On the Seventh Step to a life worth living my Higher Power gave to me a sense of time that was no longer mine, and said to overcome I have to let go and learn about trust, and if I was to grow this was a must.
On the Eight Step to a life worth living my Higher Power gave to me a list of all those who had felt my sting and be willing to patch the scratch, fill the gouge and cross the fiery bridge with humility and an olive branch.
On the Ninth Step to a life worth living my Higher Power gave to me seven league boots to travel to ends of all creation and a hat to hold when asking for the forgiveness of gold, and to make whole what once was broken, to give back what was stolen, recant the vicious lie whatever the cost, and do no further damage to another’s man’s heart..
On the Tenth Step to a life worth living my Higher Power gave to me the mirror of accountability, the task was to examine all my actions for it was journey with many distractions and when off course set it right immediately no how big the bite, and God would see to the rest, and it was after all for my very best if done each and every night.

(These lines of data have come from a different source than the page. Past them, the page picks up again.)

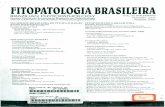 FITOPATOLOGIA BRASILEIRA - ainfo.cnptia.embrapa.brainfo.cnptia.embrapa.br/digital/bitstream/item/185703/1/S8495e.pdf · FITOPATOLOGIA BRASILEIRA BRAZILIANPHYTOPATHOLOGY RevistaOficial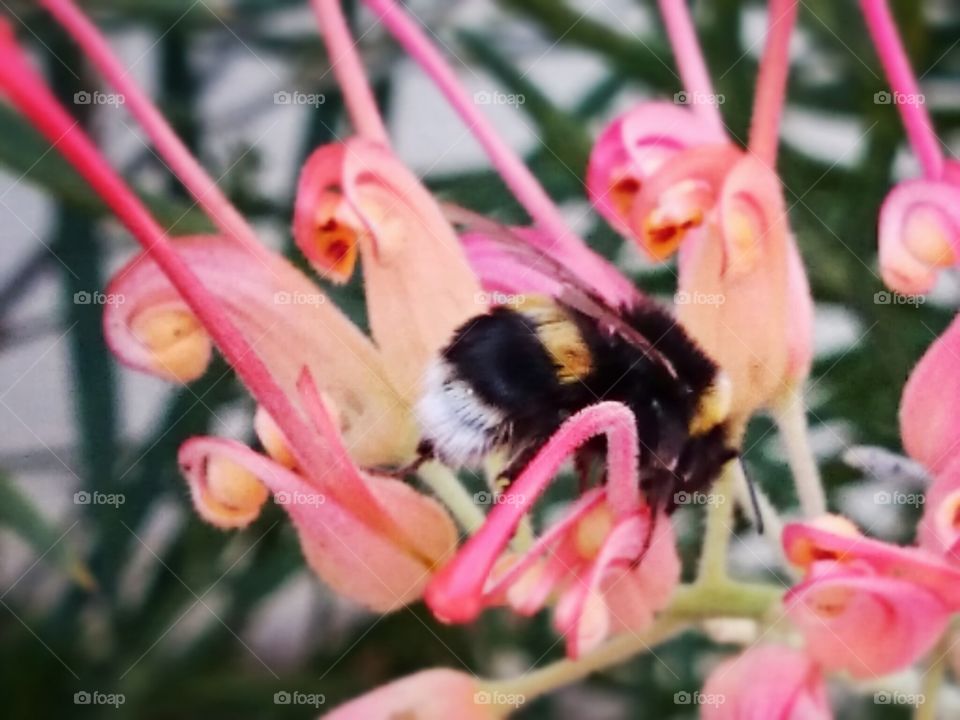 bee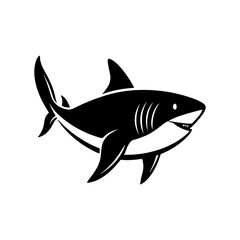 shark silhouette, black and white silhouette, vector and illustration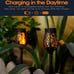 6 packs Solar pathway tiki torch tulip light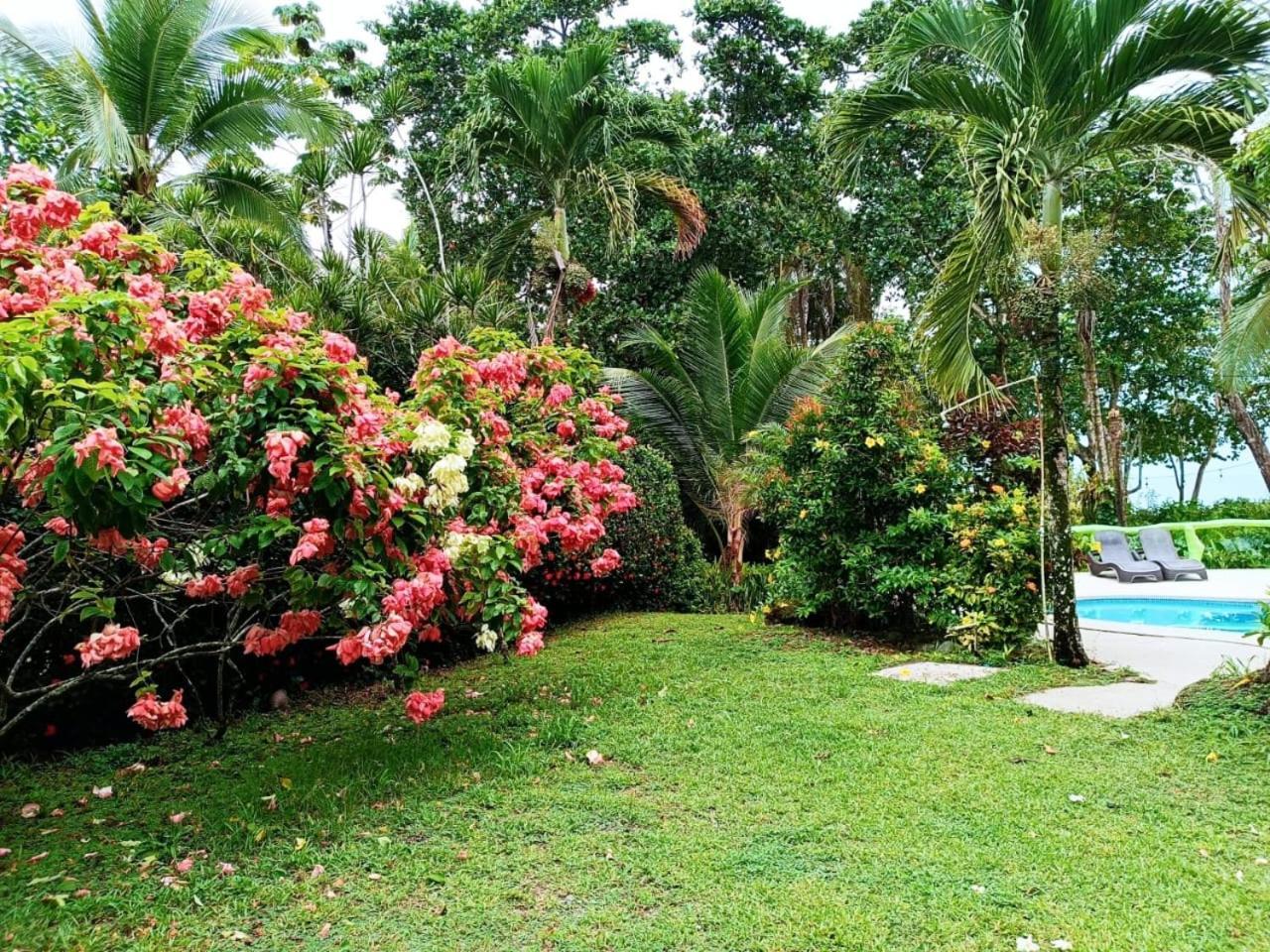 Hotel La Diosa Cahuita Exterior foto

On the Eleventh Step to a life worth living my Higher Power gave to me a personal conversation with God to speak the words of gratitude for the rescue from a hopeless state, and listen for thoughtful instruction for course corrections to my spiritual compass and examine every mistake.
On the Twelfth Step to a life worth living my Higher Power gave to me, the spirit of the universe now alive and growing in me. With the agreement that if I stay the narrow way, I would find my greatest joy in work or at play, for when I am in the service to my fellows beings I am but in the service of my God. When sharing the living gift of recovery we fill the measure of our creation and find joy therein. For love and tolerance is our code and service to our fellow beings we have found to be the lightest load.
Service which is rendered without joy helps neither the servant nor the served. But all other pleasures and possessions pale into nothingness before service which is rendered in a spirit of joy.
For when we are in the service of our fellow beings are we not in the service of out God, and in that service and in that moment are we not divorced from self delusion, self seeking, and self pity and in the service and in that moment is that not when we make our conscious contact with our creator, who lives from moment to moment, eternity to eternity, life ever lasting, the magic words in A.A. is Action and more Action for faith without works is dead.
See you on the radio
Please feel free to pass it on
One response to “The Twelve Steps to a Life worth Living”
As I look back and reflect I give credit to God to lead me to AA and learn to actively take a part in changing my life for the better. Today though nothing is perfect, I can honestly say I feel like my life is manageable and without chaos. I see how my road to recovery allows me to help others with gratitude and willingness that was missing in the early days of my recovery. I will forever remember June 9, 1997 as the turning point to finding and loving myself.